Women’s Rights

Women make up 40% of the global workforce, yet make less than their male counterparts in every country on Earth.

Women make up a vital part of the economic and social fabric that hold their communities together, yet that work is rarely valued at the same level as is men’s work. Much of this has to do with what opportunities are available to them. Women are disproportionately likely to be poor, under-educated, employed in low-wage or unpaid work, and subject to dismissal for getting married or having children. In many industries, female workers are systematically denied their rights to regular pay and regular working hours; equal pay for equal work; permanent contracts; safe and non-hazardous work environments; and freedom of association. Egregious abuses, including sexual violence, harassment and forced pregnancy tests, are all too common.

Moreover, the social status of women has not opened up at the same pace at which women have been brought into the workplace. They may have increasing opportunities at work, but they are prone to domestic violence and unequal expectations at home. It has become a mantra at development organizations, including the World Bank and United Nations, that investing in women is the best way to improve a range of societal concerns and that women’s full participation in society is a critical factor in economic development.  But more importantly, women’s rights groups have long recognized that full equality is not possible unless women can speak out for themselves.

ILRF is committed to helping women do just that at work. We are continuing a long tradition of women pushing forward labor rights. With the Rights for Working Women Campaign (RFWW), ILRF has been at the forefront of securing fair treatment and wages for women in the global workplace. We also work with partners to help women around the world organize in industries with predominantly female workers. 

 

Women are driving change, despite significant obstacles.

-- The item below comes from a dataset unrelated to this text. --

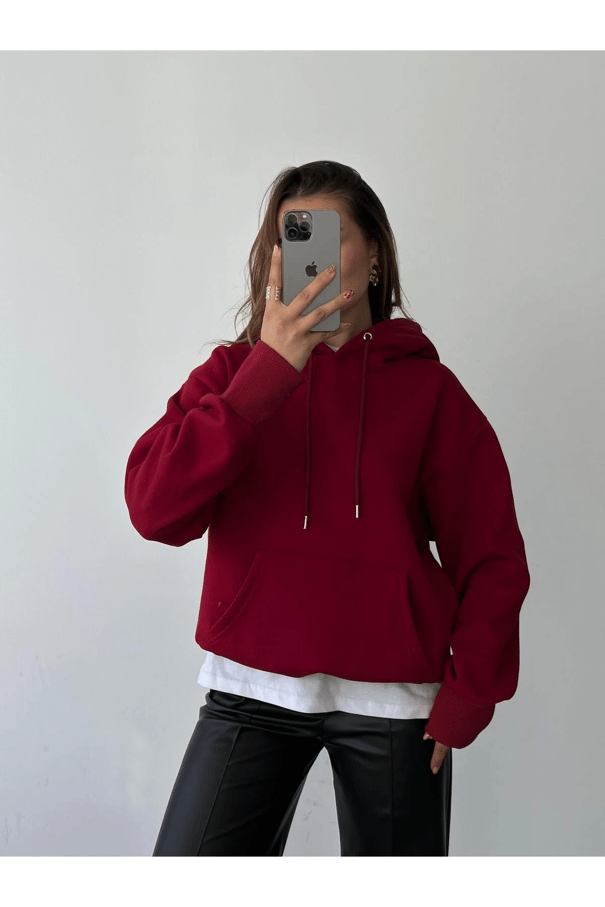 Kanguru İpli Sweat Bordo - Bordo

Since industrialization began, women have been exploited as a source of cheap labor for growing industries needing work in low-skilled, light manufacturing. Garments in particular have been a stepping stone industry, recruiting women to work outside the home. This tradition continues today in export processing zones (EPZs) throughout Asia, Latin America and Sub-Saharan Africa, where women comprise between 70-90% of the labor force. They produce not only garments, but agricultural products, electronics, and many of the household goods we purchase today. Women’s rights are routinely denied in these factories. These women workers are subject to physical and sexual harassment on the job, forced pregnancy tests, and gender-based discrimination in addition to more general workplace abuses like wage theft and bans on unionization.

Though these jobs have given women certain levels of financial independence they did not have before, the wages have remained low and opportunities to advance skills few. Other problems quickly emerge, including:

  • Women’s role at work changed but their role in society remained subservient, creating expectations they work day night;
  • Increased rates of violence against women;
  • More single-women headed households lacking a male counterpart; and
  • Youth violence emerging as a result of idle youth with too little parental guidance.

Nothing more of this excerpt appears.